=== Begin Enclosure ===

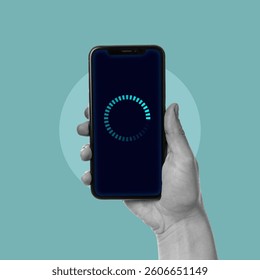 Hand, holding a mobile phone, loading symbol, crash, system delay, data, downloading, waiting, communication, error message, loading, error, mobile app, progress indicator, using phone - Powered by Shutterstock - Get 15% off with code: PIKWIZARD15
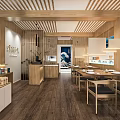 Wooden Restaurant Interior With Dining Tables Chairs Pendant Lights Decorative Painting And Display Shelves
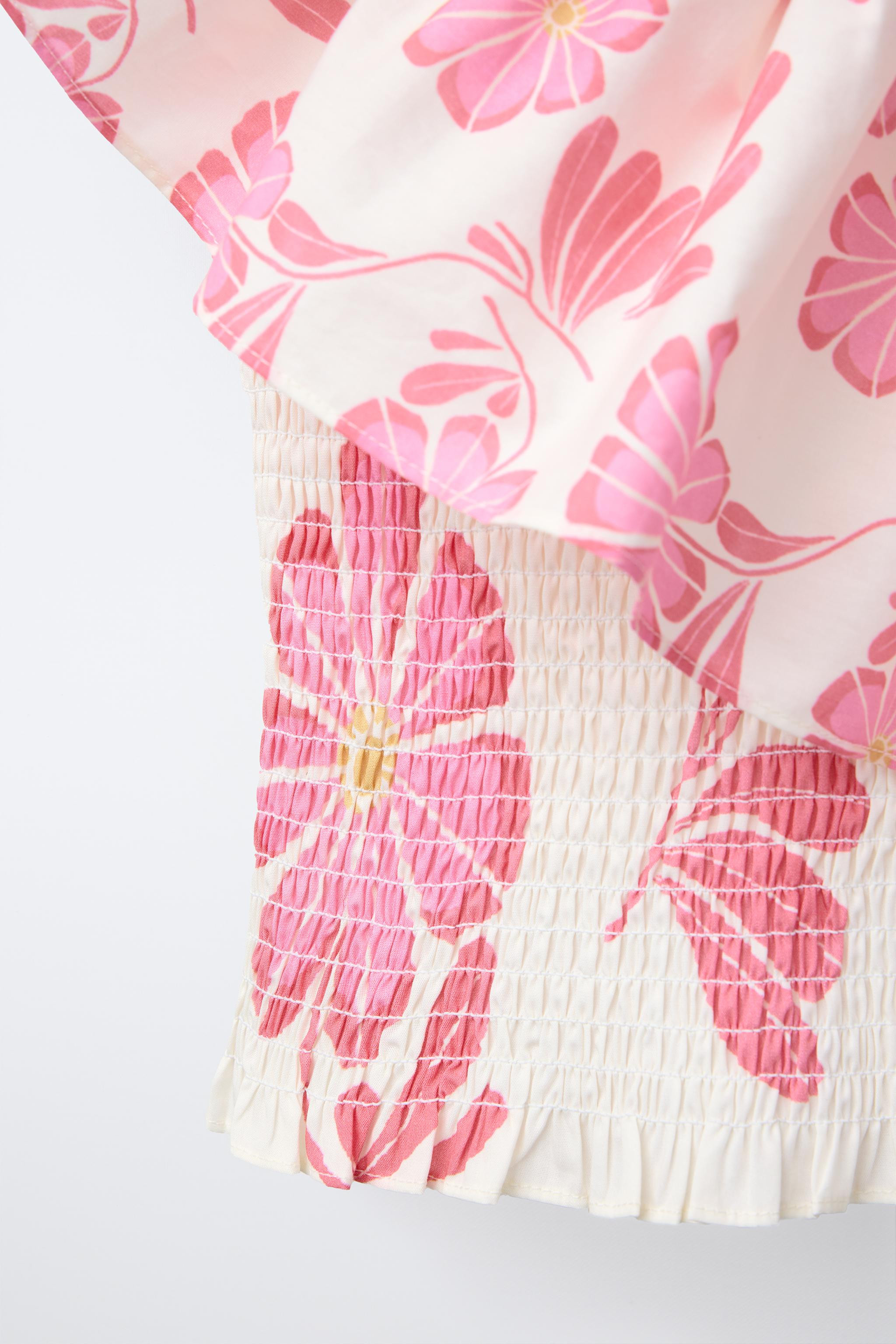 ASYMMETRIC RUFFLE FLORAL TOP | Zara US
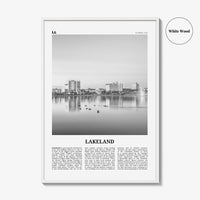 Lakeland Print Black and White, Lakeland Wall Art, Lakeland Poster, Lakeland Photo, Lakeland Wall Décor, Lakeland Map, Florida, USA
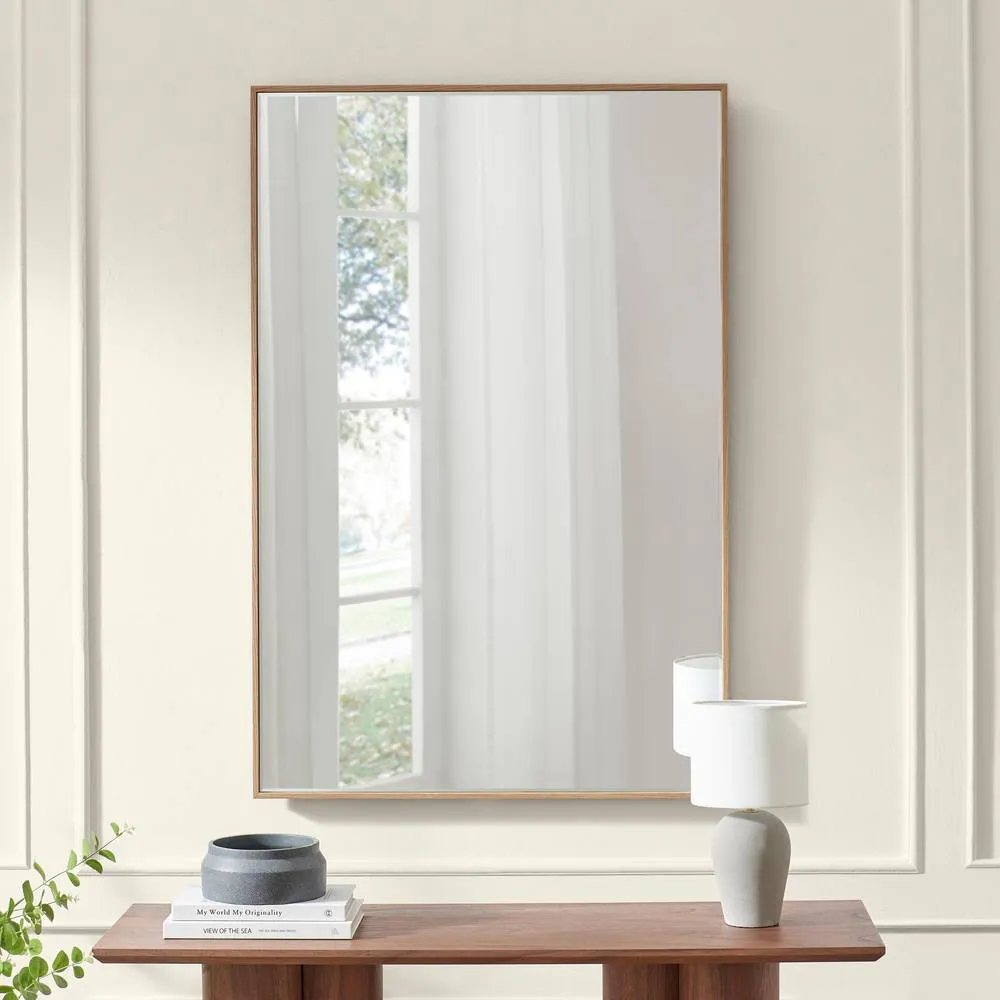 FurnitureboxUK Inga Oak Wood Long Rectangle 120x80cm Wall Mirror in Light Brown 2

=== End Enclosure ===

→ Problem to work on:
Restate the data above word for word, omitting every picture.

→ Output below:
 Hand, holding a mobile phone, loading symbol, crash, system delay, data, downloading, waiting, communication, error message, loading, error, mobile app, progress indicator, using phone - Powered by Shutterstock - Get 15% off with code: PIKWIZARD15
 Wooden Restaurant Interior With Dining Tables Chairs Pendant Lights Decorative Painting And Display Shelves
 ASYMMETRIC RUFFLE FLORAL TOP | Zara US
 Lakeland Print Black and White, Lakeland Wall Art, Lakeland Poster, Lakeland Photo, Lakeland Wall Décor, Lakeland Map, Florida, USA
 FurnitureboxUK Inga Oak Wood Long Rectangle 120x80cm Wall Mirror in Light Brown 2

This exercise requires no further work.